> What you will do
Each entry below must be repeated exactly, with pictures left out.

> Entries provided
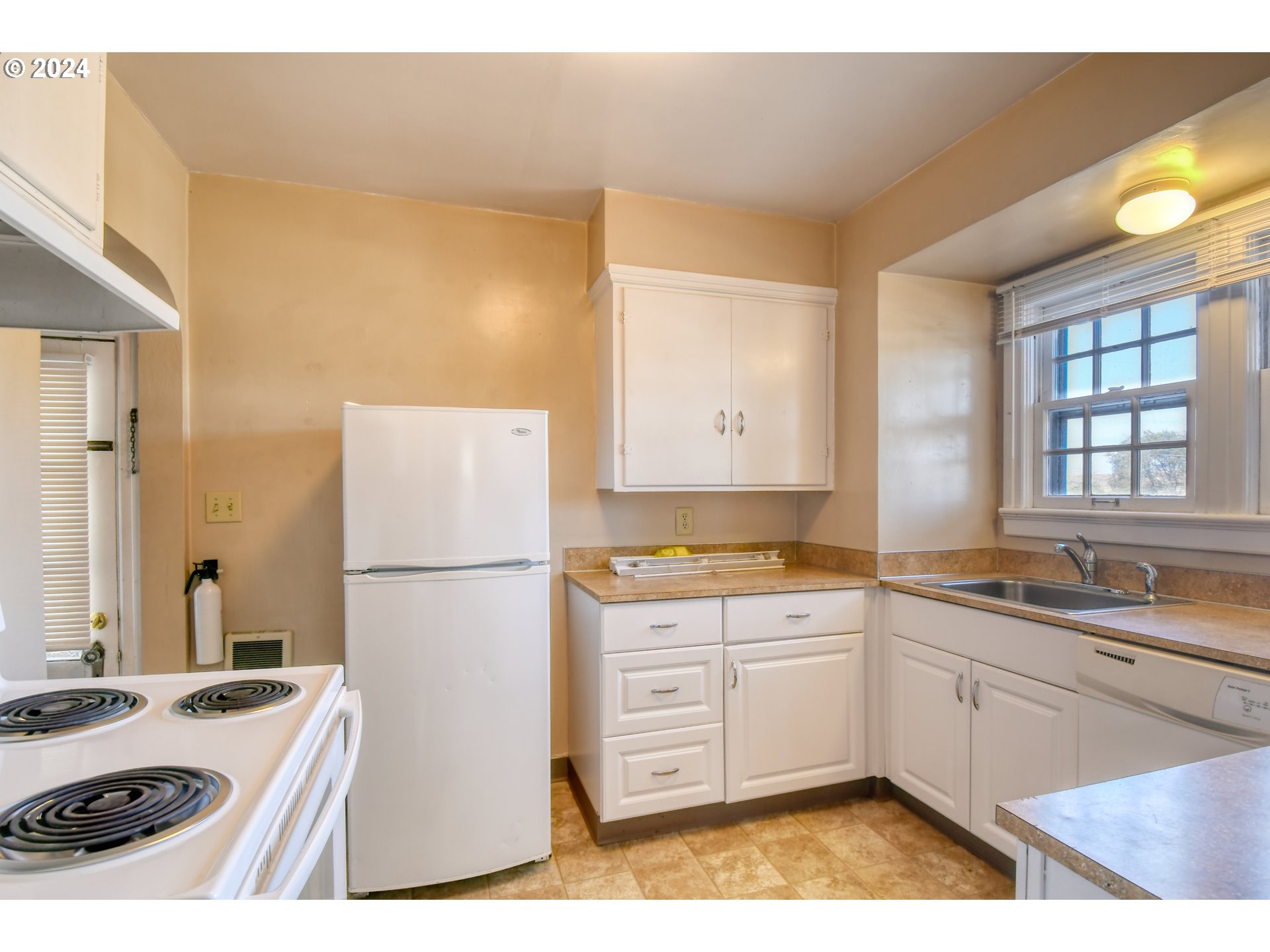 1016 Southwest Goodwin Place Pendleton, OR 97801 - Photo 11 of 36 a kitchen with a white stove a sink and a refrigerator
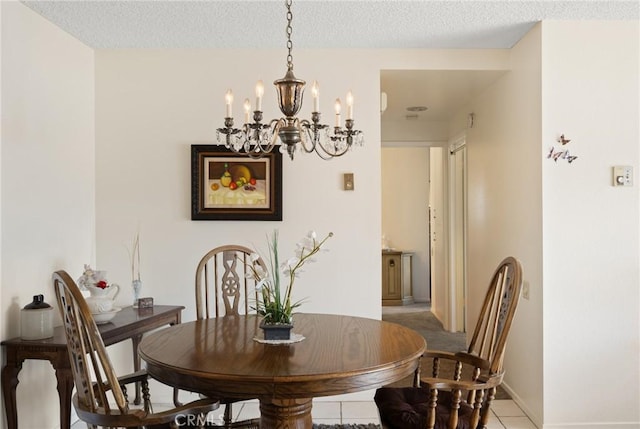 660 Avenida Sevilla Unit P, Laguna Woods, CA 92637 - dining area with a chandelier and light tile patterned floors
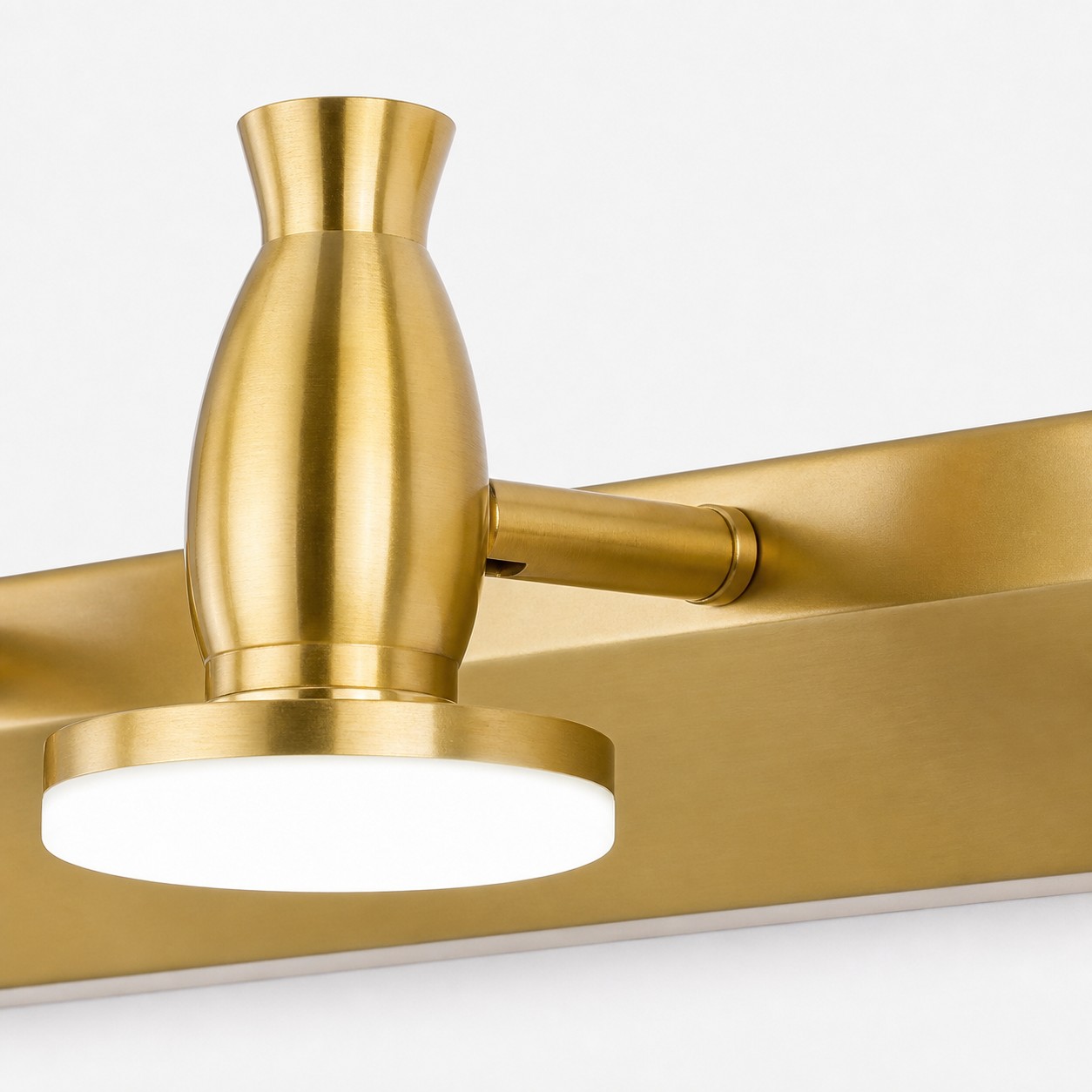 Brushed brass finish close-up on the lamp head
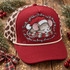 Sleepy gray mouse in a fuzzy white-trimmed Santa hat resting on a red and green plaid pillow DTF transfer with Christmas script text Shown on a garnet red foam front panel with cream rope and leopard print mesh back trucker hat.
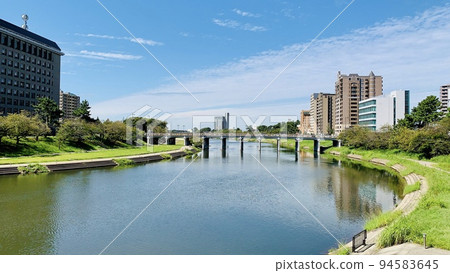 Otogawa River and Tonobashi Bridge against the clear blue sky of autumn [From Akenai Bridge/Okazaki City, Aichi Prefecture] 94583645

> Result
 1016 Southwest Goodwin Place Pendleton, OR 97801 - Photo 11 of 36 a kitchen with a white stove a sink and a refrigerator
 660 Avenida Sevilla Unit P, Laguna Woods, CA 92637 - dining area with a chandelier and light tile patterned floors
 Brushed brass finish close-up on the lamp head
 Sleepy gray mouse in a fuzzy white-trimmed Santa hat resting on a red and green plaid pillow DTF transfer with Christmas script text Shown on a garnet red foam front panel with cream rope and leopard print mesh back trucker hat.
 Otogawa River and Tonobashi Bridge against the clear blue sky of autumn [From Akenai Bridge/Okazaki City, Aichi Prefecture] 94583645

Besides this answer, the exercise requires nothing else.